# What to charge



## TGardner1378 (May 11, 2017)

I am an amateur looking to rise through the ranks to professional. Last month, I displayed at a bakery and put out business cards. In doing so, I received a message from a couple who have an online ribbon business. They would like me to take photos of their products and teach them how to use their new digital camera. I've never done any kind of photo shoot before. My photos are mainly of nature. I have no clue as to what to charge...?? What is reasonable being that I'm an amateur?? If they have a price in mind, I'd like to know what fair. Please help...


----------



## Gary A. (May 11, 2017)

Honesty is always the best path. I would tell them of your dilemma, 1st client, not your genre, et cetera as opposed to winging it. I would have a frank discussion that you don't want to charge them for your "learning time". When I was starting out on the professional path, I wouldn't charge for my time but for the prints. Another route is for them to decide, at the end of the project, what your time and skill are worth. Usually product/commercial require lighting and often a studio.  Do you have the hardware and/or access to the hardware for the job?  I wasn't a commercial photog, so I cannot comment on rates. I'm sure some commercial guys/gals will jump in with more in-depth info.


----------



## table1349 (May 11, 2017)

What's fair is based on you costs + making a profit.  There are lots of things to consider.   Once you start making money there are a lot of other entities that are involved.  You need a business plan.  Professional photography is only about 10% shooting and 90% business.  

You may need a business license, depends on the laws in your area.  You will need to set up an LLC at a minimum.  You will need insurance, on your gear as well as liability insurance.  You will need to pay taxes, sales taxes, state and local income taxes.   Don't forget FICA if you make more than $400 a year.  

What is your time worth?  What is the annual depreciation on your gear?  What other business expenses do you have?  Electricity, heating, gear you may need etc.

Once you know the costs of all of those things, how much profit do you need to make to stay in business.  Finally what is the basic going rate for photographers in your area and can you compete with that rate and stay in business.  

We could tell you to charge a dollar or ten thousand dollars but that won't serve a purpose for it would be based on a S.W.A.G.   The PPA would be a good resource to start with.


----------



## Designer (May 11, 2017)

TGardner1378 said:


> They would like me to take photos of their products and teach them how to use their new digital camera. I've never done any kind of photo shoot before.


The potential customer doesn't know what is involved, and apparently you don't either.  I think you're a long way from setting a price.
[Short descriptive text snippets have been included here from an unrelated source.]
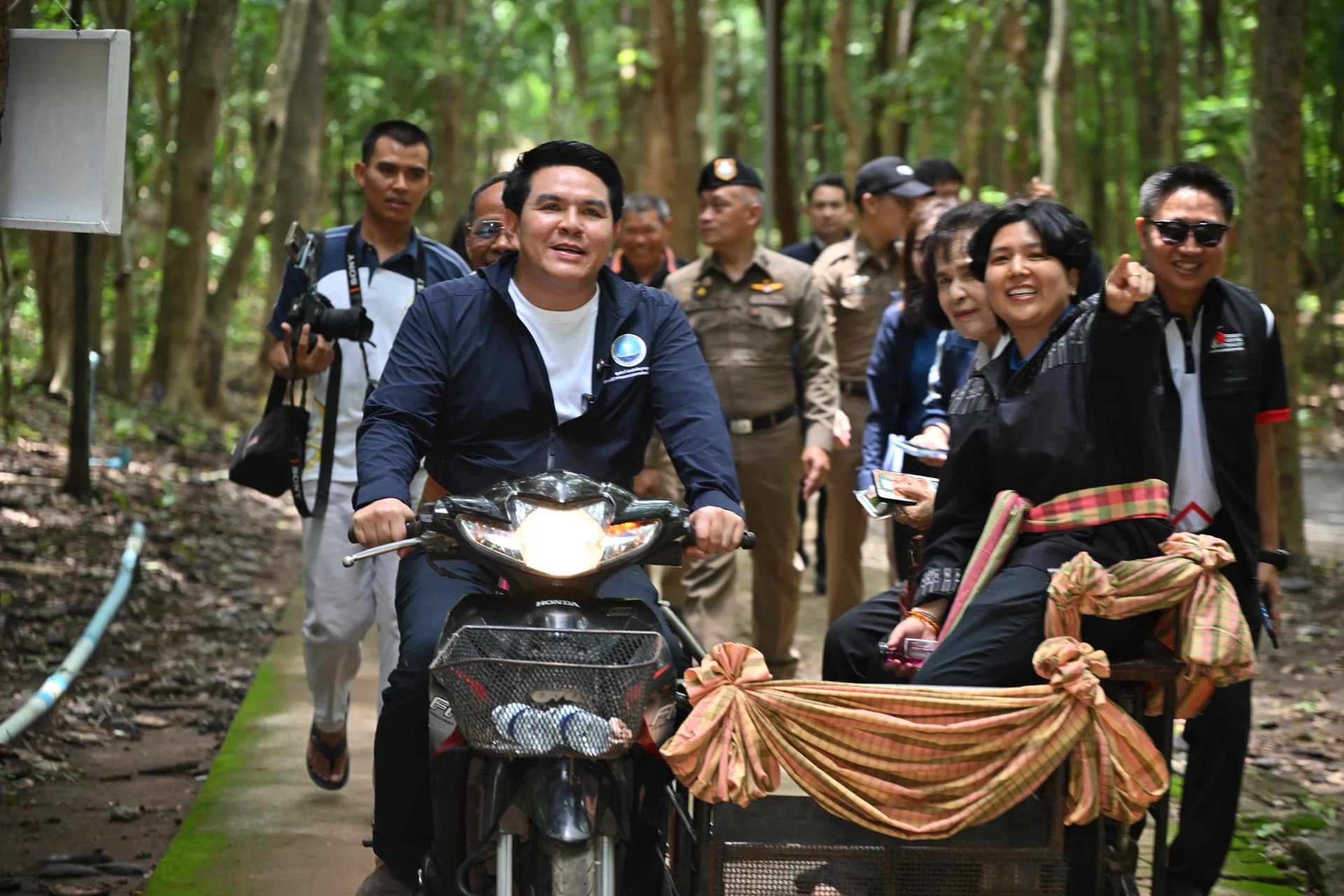 รูปภาพแกลเลอรี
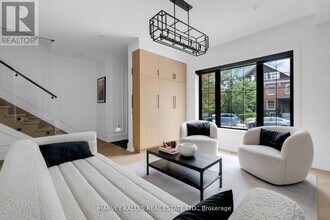 233 Macpherson Ave in Toronto, ON - Building Photo - Building Photo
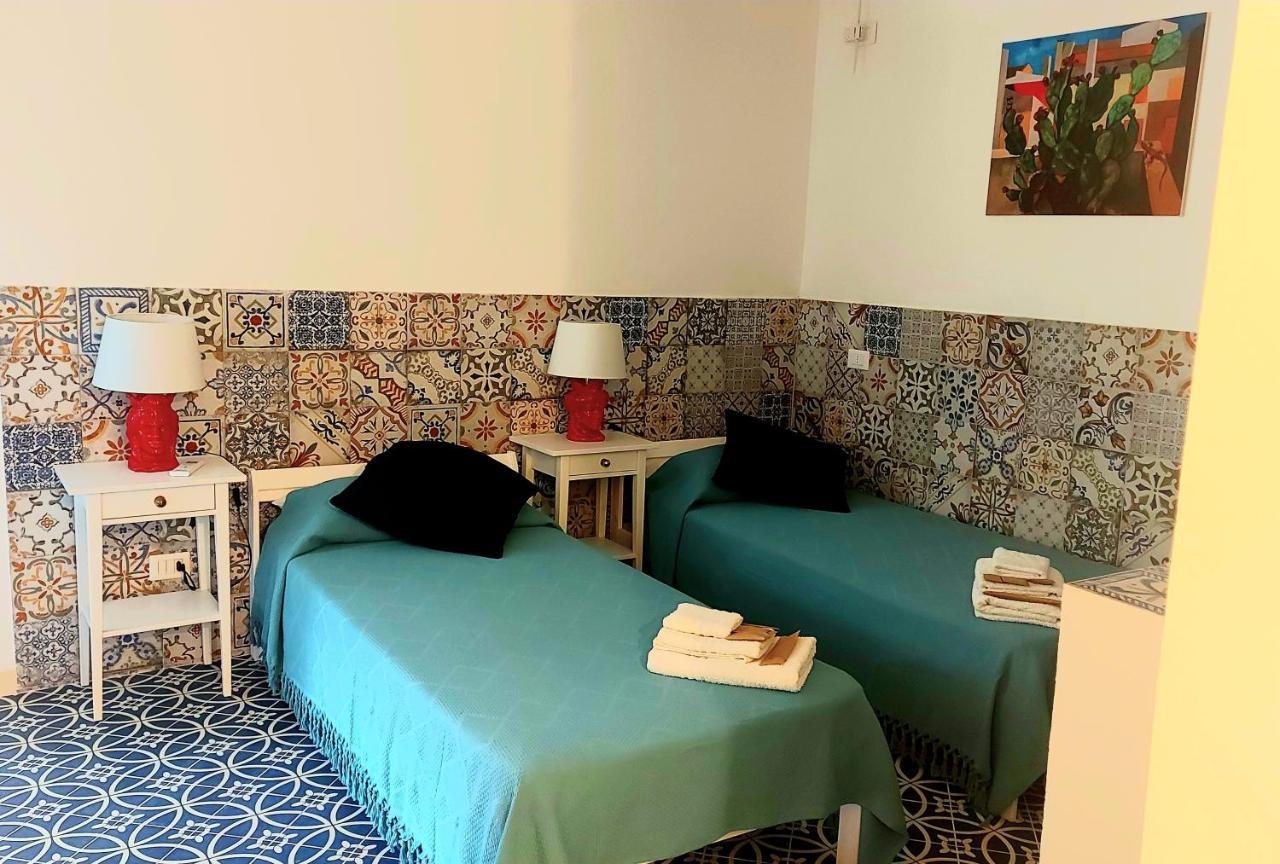 سانتا فلافيا Vfh Villa Flavia Eco B&B - 50 Metri Dal Mare المظهر الخارجي الصورة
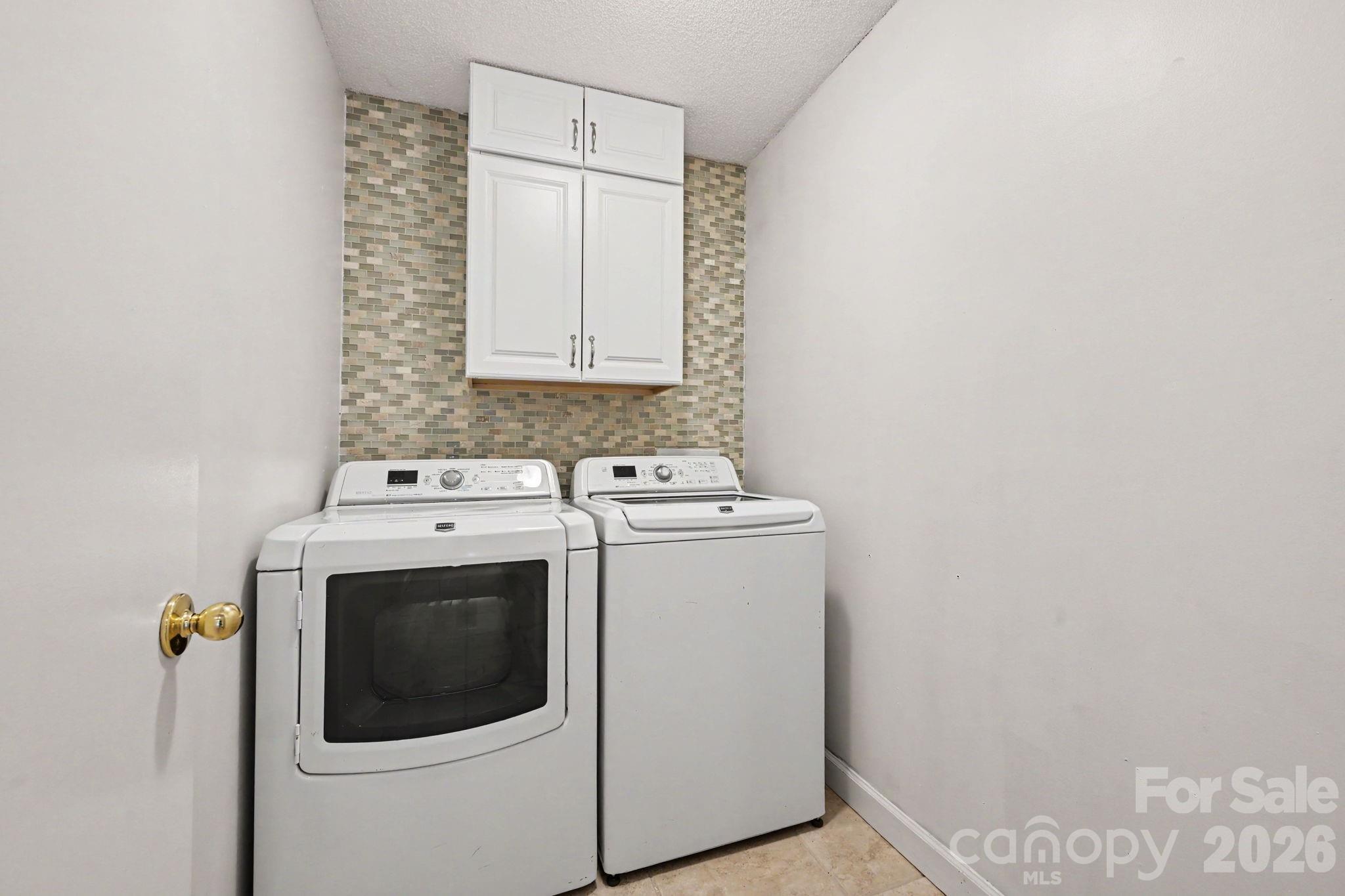 10006 Stoneleigh Lane — Charlotte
The subject has been discussed at length here in a number of threads.  You could search the forums for more information.

Additionally, if it is going to take someone potentially years to learn, teaching someone might take more time and effort than either of you can guess. 

I see product photography as a distinct type that involves experience, equipment, and artistry.  This is not something you can get good at trying it one time.  You will need staging, lights, and depending on the product, possibly another lens.  You can start with the customer's suggestions, but if you wish to make this a profession, you'll have to make the photographs into an art form.  This is what will make whatever you decide to charge worth it to the customer.


----------



## TGardner1378 (May 11, 2017)

Professional status is a ways off. It's a dream to work towards that may take years. They have all the lights, etc. Product photography is not necessarily the direct path I was planning on taking, but its worth trying. I really enjoy landscape, macro, nature, and architecture.  I appreciate all the input so far. Thank you.


----------



## table1349 (May 11, 2017)

TGardner1378 said:


> Professional status is a ways off. It's a dream to work towards that may take years. They have all the lights, etc. Product photography is not necessarily the direct path I was planning on taking, but its worth trying. I really enjoy landscape, macro, nature, and architecture.  I appreciate all the input so far. Thank you.


"Professional status" is a couple of words that mean nothing.  If you make money from your photography no matter what "level" you call yourself the game changes dramatically.   You need to know the game going in, not in the middle of the game.   Owning a restaurant and owning a photography business are very much the same.  You may be the greatest chef there is, but if you don't cover your bases, know you food costs, other expenses etc. you are not in the restaurant business long because you either loose money, or fail to do the things you are required to and end up in court for failure to pay taxes, have licensing issues or someone decides they don't like your product and sues you.


----------



## Dave442 (May 11, 2017)

It sounds like this client is interested in learning from someone (you in this case) how to take pictures of their products. 

It could well be that they searched and bought equipment recommended for product photography. Along with the lights they should have a seamless background or maybe just a simple lightbox.  They could be running into any number of problems and so they have the their expensive photographic equipment sitting around while the get by with cell phone photos of their product.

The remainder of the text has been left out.